Ci rivedremo, Spider-Man! Solo nel 2012 la serie, ancora in mano a Sony e Columbia Pictures, passò il lanciaragnatele a Andrew Garfield, diretto stavolta dal giovane regista Marc Webb. The Amazing Spider-Man, che nulla aveva in comune con la trilogia di Raimi, era nuovamente una storia di origini, stavolta con il dottor Curt Connors – trasformatosi nel mostruoso Lizard – nei panni del cattivo di turno e la giovane Gwen Stacy, interpretata da un’allora quasi sconosciuta Emma Stone, in quelli della donzella in pericolo. Il risultato fu un film sicuramente buono ma non all’altezza del capostipite di Sam Raimi, sia per quanto riguarda la mancanza di scene davvero memorabili, sia per il fatto che il tutto fosse realizzato in maniera accademica, senza guizzi creativi o particolari trovate di sceneggiatura. Andò meglio con il sequel, The Amazing Spider-Man 2: il Potere di Electro, sempre diretto da Webb e con il medesimo cast. La storia, questa volta, era di quelle importanti: un cattivo all’altezza (Jamie Foxx), una realizzazione tecnica molto più vibrante e scenografica rispetto al predecessore e, soprattutto, la presenza di una scena madre come la morte di Gwen Stacy per mano di Goblin, interpretato questa volta dal bravissimo Dane DeHaan. E quel finale, così emozionante e ricco di pathos, da lasciar intendere che l’Uomo Ragno di Garfield avrebbe avuto lunga vita davanti a sé. Niente di più sbagliato: nonostante gli incassi soddisfacenti e in vista di un terzo capitolo e di uno spin-off con protagonisti i Sinistri Sei, la serie naufragò rovinosamente a causa del “Sony Hack”, ossia il furto di informazioni riservate dalla nota casa di produzione cinematografica. Difatti, a causa di questa fuoriuscita di documentazioni top-secret, emerse che Sony Pictures e Marvel Studios stavano discutendo al fine di includere Spider-Man all’interno del Marvel Cinematic Universe. Ciò scoperchiò il proverbiale Vaso di Pandora, costringendo chiunque avesse lavorato ai precedenti film a lasciare giocoforza la barca su cui si trovava. L’amarezza fu così evidente che lo stesso Andrew Garfield ha più volte manifestato una certa irritazione relativamente all’argomento. Tutto il resto, è storia.
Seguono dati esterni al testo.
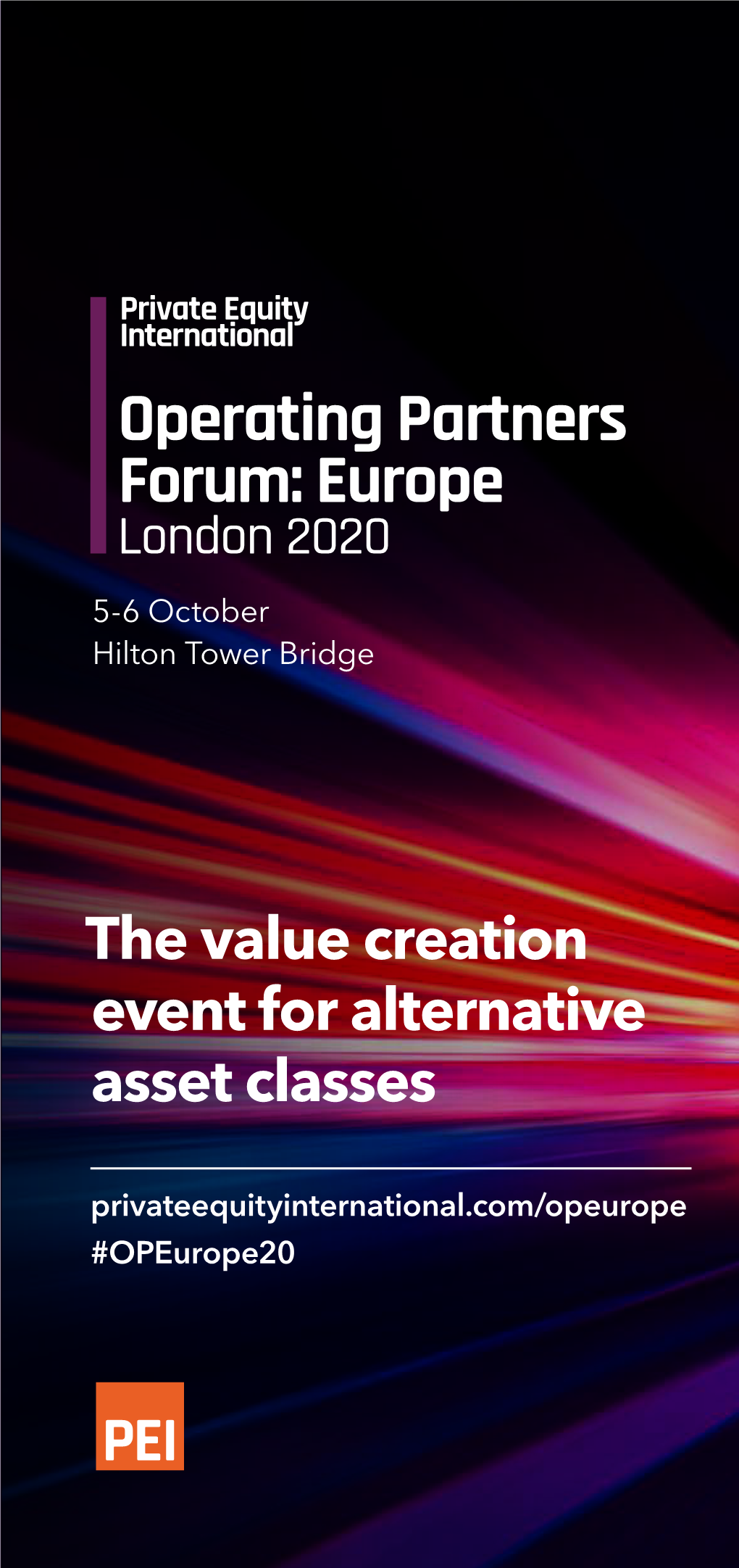 Operating Partners Forum: Europe London 2020 5-6 October Hilton Tower Bridge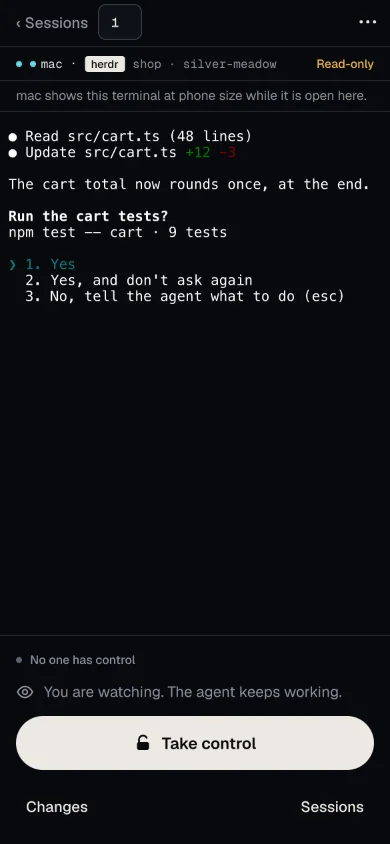 A herdr terminal in Live: the chip 1 next to ‹ Sessions, the line mac · herdr shop · silver-meadow Read-only, the note mac shows this terminal at phone size while it is open here., an agent asking Run the cart tests? with the answers 1. Yes, 2. Yes, and don’t ask again and 3. No, tell the agent what to do (esc), the words No one has control, the line You are watching. The agent keeps working., and the buttons Take control, Changes and Sessions.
Dopo alti e bassi, abbandoni e ritorni, la maschera dell’Uomo Ragno sta per essere indossata ancora una volta: questa volta è il turno del giovane Tom Holland, il quale non ha alcuna intenzione di lasciare il ruolo da eroe come sfortunatamente è accaduto coi suoi predecessori. Se l’amichevole ragno di quartiere riuscirà a librarsi tra i grattacieli proprio come un tempo, lo scopriremo tra pochissimi giorni, non appena Homecoming farà il suo debutto nelle sale. Nel frattempo, Tony Stark darà un’ultima occhiata ai nostri lanciaragnatele.